This model measures the success of cities on indicators such as the number of square metres of construction and the increase in property values, favouring quantity over quality. The New Urban Agenda states that urban development is unlimited and is driven by cities, whereas these indicators are evidence of the unsustainability of the neoliberal model. 

Territory is concentrated in ever fewer hands. The surrender of common goods for property speculation is relentless. The (few) natural and public spaces which exist are completely expendable: they are considered "vacant", to be filled with businesses, naturalising the progress of privatising the public. Neighbourhoods lose their identities and their inhabitants have no decision-making powers on urban planning policies. Housing has been commercialised to the hilt, converting properties into commodities , no more than merchandise for speculation, converting citizens into customers. Ground is covered in hard landscaping, building and urbanisation continue without rhyme nor reason and encroach on absorbent surfaces in urban and suburban areas which are not planned with the common interest in mind, but rather for real estate, with State guarantees which often break laws. These speculative processes are the urban manifestation of accumulation by dispossession. The other side of this is the housing crisis, most notably the evictions, which affect the most vulnerable groups.

In this context, the democratic territory management model is the only one which is compatible with an approach which guarantees the rights of all the diverse identities who inhabit the city. We believe that this must be the framework for public policies which contribute to and strengthen democratic states governed by the rule of law: those which make commitments to the rights of all the various sectors of society, using tools and taking affirmative action in favour of those sectors whose rights are being violated.

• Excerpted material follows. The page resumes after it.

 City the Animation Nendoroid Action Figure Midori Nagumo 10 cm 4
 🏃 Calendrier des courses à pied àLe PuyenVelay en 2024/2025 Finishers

We face a great challenge: to make cities a common good, through resistance and creativity; to work in partnership to implement new ways of guaranteeing human rights and participative democracy which respect diversity, and contribute to and ensure economic redistribution, cultural recognition, and political empowerment for everyone. 

Equal Cities

Action for the Environment  

The causes of the social and environmental emergency hitting the planet are complex and multi-dimensional. Climate change is global.  It increases the number of extreme climate events and makes them worse, but there are also local causes linked to the expansion of a (bad) development model which is incompatible with the cycles of nature. Fires, floods, droughts, hurricanes and other extreme events are part of a world-wide phenomenon, which government policies aggravate through measures which favour agribusiness, megamining, fracking, expansion of oil exploration, large hydroelectric dams, huge real estate projects and so on. 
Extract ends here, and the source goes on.